Chevron Corp. has boosted its planned share buyback to as much as $5 billion per year, as the firm uses higher commodities prices to step up returns to investors rather than investing in production growth.
The repurchases are now seen at $3 billion to $5 billion a year, about 60 per cent higher than previous guidance, the company said Wednesday in a statement.
Capital spending next year will be $15 billion, the low end of a previous forecast and 25 per cent below pre-pandemic levels.
The California-based oil giant generated the most free cash flow in its 142-year history during a third quarter in which oil and gas prices surged.
But the company is wary of plowing that cash back into new production at a time when crude prices have sharply pulled back and the emergence of the omicron variant raises concerns about global oil-demand recovery.
The budget reflects “Chevron’s enduring commitment to capital discipline,” Chief Executive Officer Mike Wirth said in the statement.
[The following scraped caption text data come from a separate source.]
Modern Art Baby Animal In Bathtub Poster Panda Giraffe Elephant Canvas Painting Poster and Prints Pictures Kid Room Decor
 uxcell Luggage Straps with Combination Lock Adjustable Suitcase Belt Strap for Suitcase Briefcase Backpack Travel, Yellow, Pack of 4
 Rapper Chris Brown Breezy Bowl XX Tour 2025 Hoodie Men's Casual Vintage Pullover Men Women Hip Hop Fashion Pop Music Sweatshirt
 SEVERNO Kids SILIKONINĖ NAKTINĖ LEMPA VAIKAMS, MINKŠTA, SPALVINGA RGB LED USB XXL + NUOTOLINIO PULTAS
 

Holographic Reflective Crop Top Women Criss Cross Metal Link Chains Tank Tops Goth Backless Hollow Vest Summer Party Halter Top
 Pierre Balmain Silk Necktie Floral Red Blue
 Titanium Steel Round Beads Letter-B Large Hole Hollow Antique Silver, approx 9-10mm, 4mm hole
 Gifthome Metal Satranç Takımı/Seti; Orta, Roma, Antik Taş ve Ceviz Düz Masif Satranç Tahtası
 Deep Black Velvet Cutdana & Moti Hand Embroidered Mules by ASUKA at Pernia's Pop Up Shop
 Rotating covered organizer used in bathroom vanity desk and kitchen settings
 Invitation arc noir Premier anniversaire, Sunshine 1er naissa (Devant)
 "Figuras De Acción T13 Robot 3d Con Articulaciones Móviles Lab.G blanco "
It’s “at a level consistent with plans to sustain and grow the company as the global economy continues to recover.”
Despite the tight purse strings, Chevron will spend $3 billion this year in the Permian, the world’s largest shale basin in West Texas and New Mexico.
That’s a 50 per cent increase from last year’s budget and a sign of the basin’s growing importance within Chevron’s overall portfolio. About $2 billion goes to the giant Tengiz project in Kazakhstan.
Some $800 million, or 5 per cent of the total budget, will be spent on low carbon investments.